Demand for Lululemon's products remains as strong as ever, including robust growth in the North America and International segments. Profitability was also impressive in the latest quarter. Lululemon's adjusted operating margin of 28.3% is outstanding. What's more, the company's adjusted diluted earnings per share (EPS) of $4.40 marked a 31% increase over Q4 2021. 

This latest showing continues a streak of strong financial performance from the burgeoning apparel business. Between fiscal 2017 and 2022, Lululemon's revenue and diluted earnings per share increased at a compound annual rate of 25.1% and 28.6%, respectively. It's no wonder the stock is up 307% over the past five years. 

2. A premium brand 

Another reason to love Lululemon stock is the company's powerful brand presence, which has helped support its strong financial performance over the years. Take a look at the price tags of some of Lululemon's most popular products, like the $128 ABC Jogger for men or the $98 Align Super-High-Rise Pant for women, and you'll quickly realize that this is a premium clothing brand. 
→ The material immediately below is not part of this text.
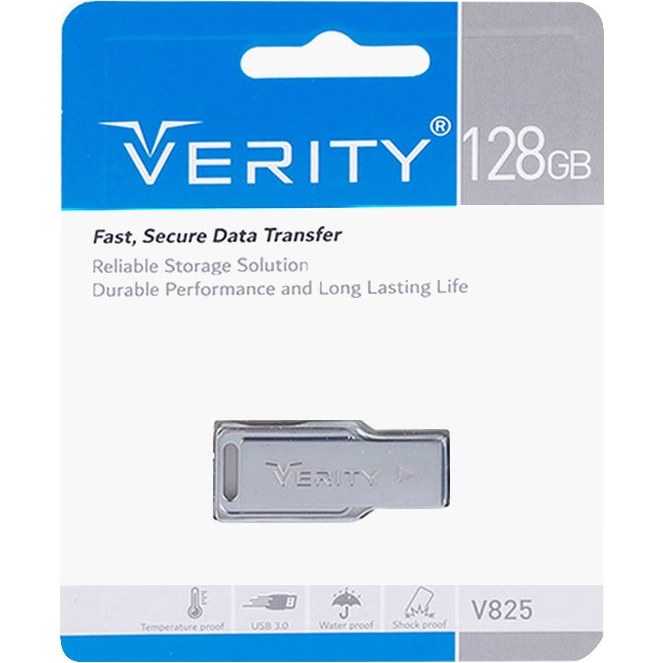 FLASH VERITY 825 U3 128GB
There are some benefits to that, most notably when it comes to pricing power. In fiscal 2022, Lululemon's gross margin, which measures the money a business keeps from selling a product after accounting for all the costs associated with producing and distributing that item, was 55.4%. This stellar gross margin is higher than rival Nike's, and it has been this way over the past decade. Maybe even more impressive, Lululemon's gross margin is better than a consumer favorite brand like Apple. 

Besides presenting itself as a higher-quality product than clothing brands out there, Lululemon benefits because it doesn't rely much on third-party retailers to push its merchandise. Last fiscal year, 91% of overall revenue was derived from the company-operated store channel and the direct-to-consumer (DTC) channel. In fact, the DTC channel, which is Lululemon's e-commerce operation, accounted for 52% of company sales in the most recent quarter. By having greater control over branding and distribution, Lululemon can always ensure that its apparel is being portrayed to its high standards, and this bodes well for the company's long-term relevance. 

3. An attractive valuation 

Despite the stock's impressive return over the past few years, Lululemon shares currently sell at a forward price-to-earnings (P/E) ratio of 31. This is about the average of the stock's valuation over the past 12 months, so investors aren't exactly over- or under-paying if we look back one year. 

Nonetheless, paying a forward P/E of 31 doesn't really look like a bargain price. But consider that Nike, the global sports apparel juggernaut, whose stock trades at a forward P/E of 37 right now. Compared to Nike, Lululemon has registered better historical growth, has better growth prospects over the next few years, and produces higher margins. This makes Lululemon's current valuation look more attractive. Add this to the company's strong momentum and powerful brand, and the stock looks like a solid buy.